Caldecott Honor Book Starry Messenger is a celebration of the courageous genius of Galileo Galilei, and seems to me most suitable for older kids, at least eight and up. It puts the scientist's life in context with the power of the Catholic Church in Europe (and especially in the city states of Italy). Galileo was born in Pisa in 1564, the same year as Shakespeare's birth and Michelangelo's death. In those days, typhus and bubonic plague killed many.

The book does not provide great detail of Galileo's life, but gives snippets of information (on topics like his Laws of Falling and Floating Objects) that entice further investigation.

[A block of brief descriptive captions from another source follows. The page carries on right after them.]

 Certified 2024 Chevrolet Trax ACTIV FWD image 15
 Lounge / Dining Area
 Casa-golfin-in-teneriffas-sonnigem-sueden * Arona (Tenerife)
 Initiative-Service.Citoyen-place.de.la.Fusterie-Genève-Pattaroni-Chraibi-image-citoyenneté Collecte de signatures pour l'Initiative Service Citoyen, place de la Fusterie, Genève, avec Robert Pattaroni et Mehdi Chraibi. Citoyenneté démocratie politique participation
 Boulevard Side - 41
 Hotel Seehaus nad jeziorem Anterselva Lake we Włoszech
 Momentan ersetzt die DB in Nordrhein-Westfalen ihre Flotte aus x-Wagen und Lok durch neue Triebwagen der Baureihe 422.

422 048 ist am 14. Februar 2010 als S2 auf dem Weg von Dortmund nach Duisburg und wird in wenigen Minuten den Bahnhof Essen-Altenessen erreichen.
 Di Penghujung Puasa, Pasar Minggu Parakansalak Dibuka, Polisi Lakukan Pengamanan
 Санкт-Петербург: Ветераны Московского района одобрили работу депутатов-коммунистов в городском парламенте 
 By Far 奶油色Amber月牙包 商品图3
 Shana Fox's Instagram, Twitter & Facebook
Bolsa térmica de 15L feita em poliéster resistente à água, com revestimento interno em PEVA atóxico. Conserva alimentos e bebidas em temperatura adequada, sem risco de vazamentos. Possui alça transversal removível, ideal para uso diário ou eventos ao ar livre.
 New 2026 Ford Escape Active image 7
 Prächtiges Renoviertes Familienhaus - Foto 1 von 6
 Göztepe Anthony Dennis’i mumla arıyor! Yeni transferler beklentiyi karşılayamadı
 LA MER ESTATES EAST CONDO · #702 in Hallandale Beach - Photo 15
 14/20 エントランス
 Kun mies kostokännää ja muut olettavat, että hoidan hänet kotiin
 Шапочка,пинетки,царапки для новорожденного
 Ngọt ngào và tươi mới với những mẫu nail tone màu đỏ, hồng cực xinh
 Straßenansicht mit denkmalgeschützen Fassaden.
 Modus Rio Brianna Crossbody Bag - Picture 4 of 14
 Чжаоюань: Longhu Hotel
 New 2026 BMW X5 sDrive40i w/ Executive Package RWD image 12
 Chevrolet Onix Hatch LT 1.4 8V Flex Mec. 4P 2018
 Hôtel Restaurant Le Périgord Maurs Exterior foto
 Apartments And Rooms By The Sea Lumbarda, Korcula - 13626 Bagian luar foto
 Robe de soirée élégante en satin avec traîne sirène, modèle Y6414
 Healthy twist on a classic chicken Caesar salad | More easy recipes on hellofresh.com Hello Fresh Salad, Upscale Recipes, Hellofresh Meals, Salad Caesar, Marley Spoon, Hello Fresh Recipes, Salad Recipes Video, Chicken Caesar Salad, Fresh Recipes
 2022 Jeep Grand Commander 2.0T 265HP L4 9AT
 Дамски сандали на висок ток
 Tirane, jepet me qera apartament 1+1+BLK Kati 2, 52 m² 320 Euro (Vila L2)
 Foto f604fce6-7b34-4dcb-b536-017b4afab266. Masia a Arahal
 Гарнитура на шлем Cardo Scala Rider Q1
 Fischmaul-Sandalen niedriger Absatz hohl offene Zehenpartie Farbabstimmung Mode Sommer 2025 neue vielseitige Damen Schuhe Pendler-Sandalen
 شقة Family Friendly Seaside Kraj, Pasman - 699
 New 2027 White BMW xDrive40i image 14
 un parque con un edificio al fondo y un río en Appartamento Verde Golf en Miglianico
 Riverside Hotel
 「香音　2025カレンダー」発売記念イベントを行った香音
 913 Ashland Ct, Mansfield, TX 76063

Some of the text is provided through a spidery font that looks like handwriting, and must be read sideways and in spirals (though some will like this, it might irritate others and is definitely hard on the eyes.) Apparently Galileo published his observations through his Spyglass (telescope) in a book he called The Starry Messenger.

Peter Sis re-creates for us some of what Galileo saw ('huge prominences, deep valleys and chasms' on the moon, sunspots, four planets revolving about Jupiter) and how it led him to the conclusion that the earth is not the center of the universe. We learn that his book was widely distributed and even translated into Chinese, before the Church found him to be guilty of heresy and placed under house arrest. He died in 1642 and was officially pardoned in 1992 for being right.

Starry Messenger teaches an important lesson - that the authorities are not always just - as well as conveying the excitement of the earthshaking discoveries made by a man 'born with stars in his eyes'. It's a work of art to be explored by adults and children together, at school or at home.